Data excerpts
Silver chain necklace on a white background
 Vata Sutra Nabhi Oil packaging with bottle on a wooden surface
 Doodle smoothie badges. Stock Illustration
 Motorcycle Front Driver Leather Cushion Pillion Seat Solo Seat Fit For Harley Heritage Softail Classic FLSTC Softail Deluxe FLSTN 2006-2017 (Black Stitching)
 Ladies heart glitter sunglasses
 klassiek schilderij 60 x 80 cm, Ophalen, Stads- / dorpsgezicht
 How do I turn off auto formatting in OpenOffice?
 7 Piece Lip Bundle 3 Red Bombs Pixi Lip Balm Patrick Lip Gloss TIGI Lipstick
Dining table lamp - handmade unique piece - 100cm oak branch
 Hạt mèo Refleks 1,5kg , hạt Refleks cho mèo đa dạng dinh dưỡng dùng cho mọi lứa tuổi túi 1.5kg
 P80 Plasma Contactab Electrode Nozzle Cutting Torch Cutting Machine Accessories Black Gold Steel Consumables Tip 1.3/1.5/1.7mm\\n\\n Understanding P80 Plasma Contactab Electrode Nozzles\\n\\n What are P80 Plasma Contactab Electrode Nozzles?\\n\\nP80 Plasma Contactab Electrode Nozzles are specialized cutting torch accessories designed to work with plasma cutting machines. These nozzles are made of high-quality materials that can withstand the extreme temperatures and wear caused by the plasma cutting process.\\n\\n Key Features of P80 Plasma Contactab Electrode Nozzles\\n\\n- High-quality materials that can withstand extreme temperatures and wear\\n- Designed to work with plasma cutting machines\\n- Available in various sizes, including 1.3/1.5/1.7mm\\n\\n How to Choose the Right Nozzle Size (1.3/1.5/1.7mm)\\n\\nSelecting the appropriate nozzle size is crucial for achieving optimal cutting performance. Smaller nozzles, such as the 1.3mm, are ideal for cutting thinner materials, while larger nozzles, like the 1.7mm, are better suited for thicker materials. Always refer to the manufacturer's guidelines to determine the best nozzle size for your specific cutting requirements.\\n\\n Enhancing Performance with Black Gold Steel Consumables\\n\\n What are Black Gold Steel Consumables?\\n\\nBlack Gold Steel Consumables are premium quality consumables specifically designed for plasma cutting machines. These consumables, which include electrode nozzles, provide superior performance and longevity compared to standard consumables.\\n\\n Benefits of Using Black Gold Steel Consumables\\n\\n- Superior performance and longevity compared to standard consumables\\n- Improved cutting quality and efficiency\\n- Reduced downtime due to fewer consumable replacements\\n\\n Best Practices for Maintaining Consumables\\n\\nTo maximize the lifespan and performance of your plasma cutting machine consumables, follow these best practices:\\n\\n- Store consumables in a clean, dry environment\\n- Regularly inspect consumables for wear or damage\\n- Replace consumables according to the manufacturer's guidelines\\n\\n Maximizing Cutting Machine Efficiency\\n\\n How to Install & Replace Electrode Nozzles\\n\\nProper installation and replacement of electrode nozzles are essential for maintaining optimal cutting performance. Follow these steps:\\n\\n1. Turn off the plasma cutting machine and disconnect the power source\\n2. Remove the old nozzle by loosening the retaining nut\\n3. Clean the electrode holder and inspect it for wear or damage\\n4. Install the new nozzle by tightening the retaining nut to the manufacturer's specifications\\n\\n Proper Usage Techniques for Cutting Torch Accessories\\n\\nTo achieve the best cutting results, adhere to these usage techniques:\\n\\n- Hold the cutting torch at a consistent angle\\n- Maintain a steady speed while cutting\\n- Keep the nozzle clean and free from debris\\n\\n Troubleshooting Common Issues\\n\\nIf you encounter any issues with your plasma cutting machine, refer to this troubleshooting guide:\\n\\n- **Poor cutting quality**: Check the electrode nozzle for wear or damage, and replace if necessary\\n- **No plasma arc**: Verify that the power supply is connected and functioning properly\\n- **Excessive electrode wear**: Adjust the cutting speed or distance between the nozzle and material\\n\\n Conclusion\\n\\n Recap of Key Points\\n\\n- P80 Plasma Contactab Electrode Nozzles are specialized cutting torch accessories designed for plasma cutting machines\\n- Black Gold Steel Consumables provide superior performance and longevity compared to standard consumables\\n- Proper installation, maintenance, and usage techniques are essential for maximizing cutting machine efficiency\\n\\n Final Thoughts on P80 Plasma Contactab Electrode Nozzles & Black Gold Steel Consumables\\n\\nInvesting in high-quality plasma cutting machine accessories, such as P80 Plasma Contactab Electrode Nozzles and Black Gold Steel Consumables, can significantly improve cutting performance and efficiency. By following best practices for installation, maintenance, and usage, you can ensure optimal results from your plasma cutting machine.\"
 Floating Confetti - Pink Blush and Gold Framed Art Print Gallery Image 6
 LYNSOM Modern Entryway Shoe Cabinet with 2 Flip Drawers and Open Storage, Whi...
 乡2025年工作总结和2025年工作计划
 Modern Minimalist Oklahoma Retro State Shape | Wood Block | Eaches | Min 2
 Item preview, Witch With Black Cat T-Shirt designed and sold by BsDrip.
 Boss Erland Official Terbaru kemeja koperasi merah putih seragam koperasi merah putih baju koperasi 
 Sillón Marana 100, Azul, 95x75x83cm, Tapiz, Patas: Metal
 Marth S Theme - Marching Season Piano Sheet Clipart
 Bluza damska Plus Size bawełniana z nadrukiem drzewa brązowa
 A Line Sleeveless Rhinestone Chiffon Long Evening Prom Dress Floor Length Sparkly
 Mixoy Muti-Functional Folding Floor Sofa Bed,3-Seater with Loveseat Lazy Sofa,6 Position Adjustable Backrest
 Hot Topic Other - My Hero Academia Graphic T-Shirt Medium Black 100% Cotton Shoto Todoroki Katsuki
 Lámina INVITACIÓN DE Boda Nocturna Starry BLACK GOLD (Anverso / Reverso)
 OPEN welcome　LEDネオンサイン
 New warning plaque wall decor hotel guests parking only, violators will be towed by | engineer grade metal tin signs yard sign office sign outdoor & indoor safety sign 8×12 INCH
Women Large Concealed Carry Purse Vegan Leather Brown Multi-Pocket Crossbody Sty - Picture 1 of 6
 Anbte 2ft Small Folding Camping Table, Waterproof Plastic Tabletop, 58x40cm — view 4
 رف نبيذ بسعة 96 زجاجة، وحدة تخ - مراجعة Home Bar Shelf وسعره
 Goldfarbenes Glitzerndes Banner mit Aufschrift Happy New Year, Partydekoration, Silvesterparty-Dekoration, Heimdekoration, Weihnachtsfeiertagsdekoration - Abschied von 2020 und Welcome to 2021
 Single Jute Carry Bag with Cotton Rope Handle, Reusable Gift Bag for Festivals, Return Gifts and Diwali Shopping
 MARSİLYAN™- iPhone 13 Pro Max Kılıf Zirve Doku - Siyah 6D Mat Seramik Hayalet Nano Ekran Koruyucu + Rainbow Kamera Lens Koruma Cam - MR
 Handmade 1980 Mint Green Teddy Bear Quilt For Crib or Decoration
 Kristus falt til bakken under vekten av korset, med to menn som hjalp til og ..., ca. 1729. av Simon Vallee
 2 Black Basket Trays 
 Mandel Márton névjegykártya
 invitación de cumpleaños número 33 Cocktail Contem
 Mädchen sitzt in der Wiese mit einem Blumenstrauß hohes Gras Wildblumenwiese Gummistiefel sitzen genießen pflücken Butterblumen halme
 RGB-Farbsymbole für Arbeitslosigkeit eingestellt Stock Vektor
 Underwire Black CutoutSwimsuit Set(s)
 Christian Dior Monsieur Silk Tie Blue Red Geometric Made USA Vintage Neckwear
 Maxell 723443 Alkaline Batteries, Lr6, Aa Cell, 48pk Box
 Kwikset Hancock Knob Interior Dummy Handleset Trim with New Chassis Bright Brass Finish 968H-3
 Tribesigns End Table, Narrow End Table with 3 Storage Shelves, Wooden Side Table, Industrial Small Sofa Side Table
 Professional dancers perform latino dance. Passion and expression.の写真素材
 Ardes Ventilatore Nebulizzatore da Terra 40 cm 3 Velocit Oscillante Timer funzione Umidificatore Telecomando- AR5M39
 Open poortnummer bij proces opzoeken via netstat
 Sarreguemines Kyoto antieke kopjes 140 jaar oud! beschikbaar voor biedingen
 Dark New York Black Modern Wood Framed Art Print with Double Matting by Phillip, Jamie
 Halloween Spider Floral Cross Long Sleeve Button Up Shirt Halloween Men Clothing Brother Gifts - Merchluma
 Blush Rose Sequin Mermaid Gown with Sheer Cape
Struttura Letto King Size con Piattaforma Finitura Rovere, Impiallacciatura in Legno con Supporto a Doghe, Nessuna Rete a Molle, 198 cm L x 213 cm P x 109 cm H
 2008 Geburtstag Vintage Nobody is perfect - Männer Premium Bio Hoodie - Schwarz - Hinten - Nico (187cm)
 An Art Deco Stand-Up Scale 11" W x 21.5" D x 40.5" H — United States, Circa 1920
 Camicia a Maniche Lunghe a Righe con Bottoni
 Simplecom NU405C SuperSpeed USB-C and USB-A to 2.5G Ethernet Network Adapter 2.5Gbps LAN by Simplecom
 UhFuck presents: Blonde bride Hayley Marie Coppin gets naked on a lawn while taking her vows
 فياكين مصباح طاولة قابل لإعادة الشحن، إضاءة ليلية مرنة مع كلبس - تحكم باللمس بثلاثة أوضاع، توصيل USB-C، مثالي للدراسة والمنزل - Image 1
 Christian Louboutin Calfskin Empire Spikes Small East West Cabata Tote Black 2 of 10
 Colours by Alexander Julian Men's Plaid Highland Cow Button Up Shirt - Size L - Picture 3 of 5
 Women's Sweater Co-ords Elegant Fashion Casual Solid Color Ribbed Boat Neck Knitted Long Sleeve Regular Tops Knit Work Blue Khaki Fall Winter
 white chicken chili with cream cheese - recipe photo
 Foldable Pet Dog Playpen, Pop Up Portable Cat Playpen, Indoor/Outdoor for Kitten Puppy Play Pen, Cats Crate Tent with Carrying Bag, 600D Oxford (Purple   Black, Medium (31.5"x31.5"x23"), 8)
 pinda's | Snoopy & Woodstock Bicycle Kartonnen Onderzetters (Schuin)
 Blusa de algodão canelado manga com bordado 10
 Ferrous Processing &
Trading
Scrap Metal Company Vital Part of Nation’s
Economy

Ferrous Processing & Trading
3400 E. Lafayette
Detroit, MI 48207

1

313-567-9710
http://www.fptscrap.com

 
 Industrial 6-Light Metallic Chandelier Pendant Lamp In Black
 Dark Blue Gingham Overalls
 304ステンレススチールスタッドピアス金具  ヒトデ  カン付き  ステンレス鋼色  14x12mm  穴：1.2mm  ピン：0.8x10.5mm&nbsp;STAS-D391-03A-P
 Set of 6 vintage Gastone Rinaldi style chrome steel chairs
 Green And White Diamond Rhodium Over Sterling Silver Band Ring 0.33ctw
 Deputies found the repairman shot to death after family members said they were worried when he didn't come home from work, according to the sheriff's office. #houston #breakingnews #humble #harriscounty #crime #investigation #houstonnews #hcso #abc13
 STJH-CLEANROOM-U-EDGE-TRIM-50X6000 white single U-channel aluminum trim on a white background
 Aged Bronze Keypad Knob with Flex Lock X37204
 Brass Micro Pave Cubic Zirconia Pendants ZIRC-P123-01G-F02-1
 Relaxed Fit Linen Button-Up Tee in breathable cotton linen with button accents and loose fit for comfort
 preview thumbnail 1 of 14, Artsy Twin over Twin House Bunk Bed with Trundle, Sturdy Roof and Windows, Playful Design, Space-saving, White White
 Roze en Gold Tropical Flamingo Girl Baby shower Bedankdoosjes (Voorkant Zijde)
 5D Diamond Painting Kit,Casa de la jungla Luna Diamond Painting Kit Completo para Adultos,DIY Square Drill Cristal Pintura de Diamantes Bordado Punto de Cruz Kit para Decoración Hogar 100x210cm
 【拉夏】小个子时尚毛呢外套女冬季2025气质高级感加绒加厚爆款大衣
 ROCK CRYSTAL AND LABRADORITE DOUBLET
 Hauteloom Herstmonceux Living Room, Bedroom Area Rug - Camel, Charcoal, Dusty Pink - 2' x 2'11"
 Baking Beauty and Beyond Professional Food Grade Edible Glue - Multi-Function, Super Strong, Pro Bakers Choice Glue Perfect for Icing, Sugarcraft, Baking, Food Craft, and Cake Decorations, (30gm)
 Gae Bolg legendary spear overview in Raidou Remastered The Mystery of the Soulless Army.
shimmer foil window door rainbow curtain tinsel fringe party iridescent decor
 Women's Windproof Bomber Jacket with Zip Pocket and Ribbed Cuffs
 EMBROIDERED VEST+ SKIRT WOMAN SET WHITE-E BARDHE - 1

What the task requires. Find the lines that mention "Print" in the entries and show them.

Result for this task.
 Floating Confetti - Pink Blush and Gold Framed Art Print Gallery Image 6
 Dark New York Black Modern Wood Framed Art Print with Double Matting by Phillip, Jamie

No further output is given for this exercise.